Ian Stanton makes paintings of singular subjects—uncanny, in situ, or in various states of temporal suspension. Assessments features paintings of clouds moments before their shapes dissolve, elusive figures caught in the act of turning away, and a collection of jewelry under appraisal. Working from an archive of found imagery as well as from his own photographs, Stanton is drawn to subjects that evade immediate legibility, flirt with narrative impulse, and reflect the lack of agency in relation to the act of observation.
Stanton paints and continues to repaint subjects sometimes over the course of several years—a process he likens to recalibration, sequencing and pattern making, tuning, or even stuttering. Within a series of these revisitations, Stanton deploys unexpected shifts of tone, color, clarity, scale, or resolution, each part of a rhizomatic sprawl through infinite moments of observation and the adjacent associative thoughts that occur as a painting unfolds. Establishing systems of visual logic and repeatedly breaking them, Stanton’s paintings embody the fundamentals of improvisation. They embrace time as a strategy to continuously recontextualize memory within the present marked by mood, season, and time of day.
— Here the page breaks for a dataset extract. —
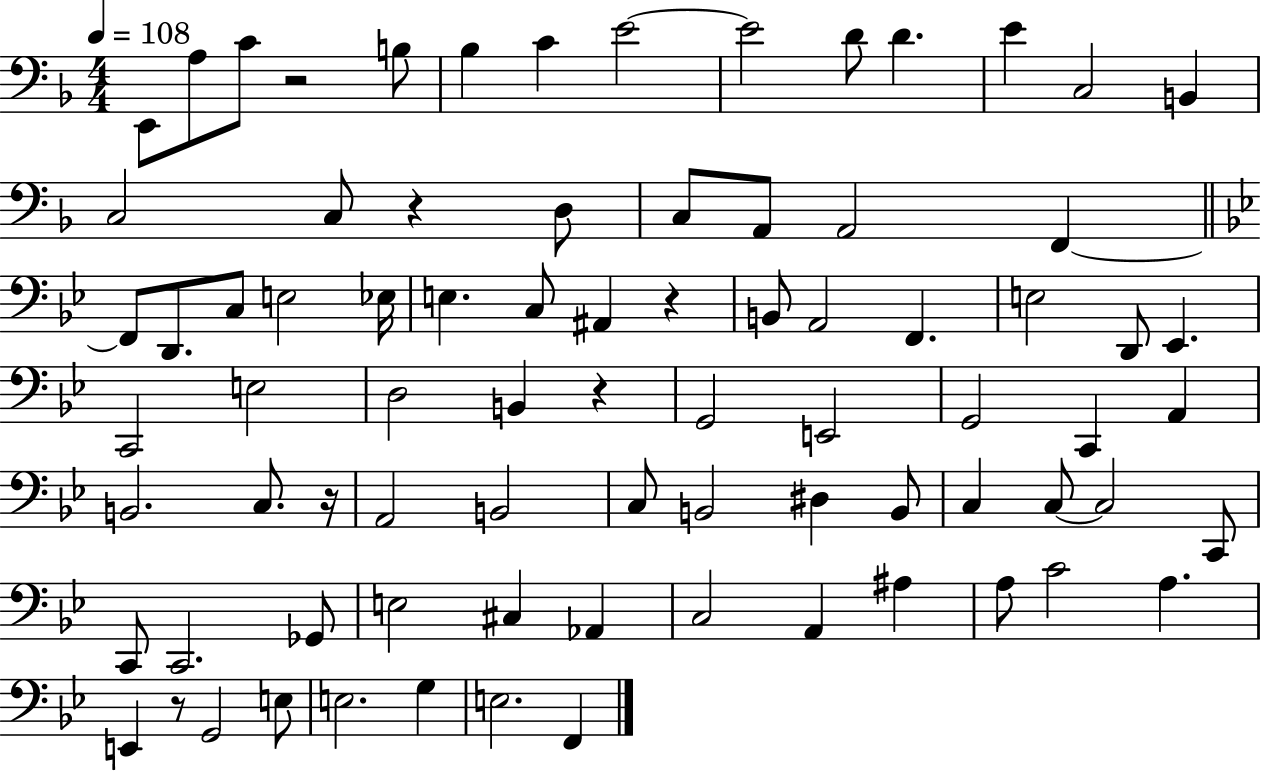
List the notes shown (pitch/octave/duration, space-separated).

E2/e A3/e C4/e R/h B3/e Bb3/q C4/q E4/h E4/h D4/e D4/q. E4/q C3/h B2/q C3/h C3/e R/q D3/e C3/e A2/e A2/h F2/q F2/e D2/e. C3/e E3/h Eb3/s E3/q. C3/e A#2/q R/q B2/e A2/h F2/q. E3/h D2/e Eb2/q. C2/h E3/h D3/h B2/q R/q G2/h E2/h G2/h C2/q A2/q B2/h. C3/e. R/s A2/h B2/h C3/e B2/h D#3/q B2/e C3/q C3/e C3/h C2/e C2/e C2/h. Gb2/e E3/h C#3/q Ab2/q C3/h A2/q A#3/q A3/e C4/h A3/q. E2/q R/e G2/h E3/e E3/h. G3/q E3/h. F2/q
With an intentionally limited palette, Stanton’s paintings are primarily monochrome—sometimes rendered in unadulterated blacks and whites and at other times revealing a full spectrum of chromatic grays supplemented by undertones of warm umbers or cooler hues. Occasional and unpredictable stipples or swarms of reds, yellows, greens, blues, and purples appear—an ever-looming threat of color informed by a lifelong suspicion of color as a signifier of beauty. “I gravitate towards nuances of tonality, subtlety of edge, and delineation,” divulges Stanton. Born colorblind, abrupt color changes interfere with the particular quality of visual stimulation that informs Stanton’s paint application. Animated as he describes the light from a scanner gliding across the curved surfaces of pearls, Stanton is likely to neither assign meaning to the jewelry’s former owner nor to the reason for evaluation—the experiences that matter are ones that can be forgotten and remembered again.*
*Søren Kierkegaard, Either/Or (1943)
Stanton (b. 1989, Hong Kong) received a BA in fine arts and philosophy from the USC in Los Angeles, CA. His work has been exhibited at venues including Actual Size, in lieu, and Human Resources in Los Angeles, CA; Rice University and Johnathan Hopson Gallery in Houston, TX; Darger HQ in Omaha, NE; 99 Suffolk in New York, NY; and Wieden+Kennedy in Tokyo, Japan. Stanton lives and works in Los Angeles, CA.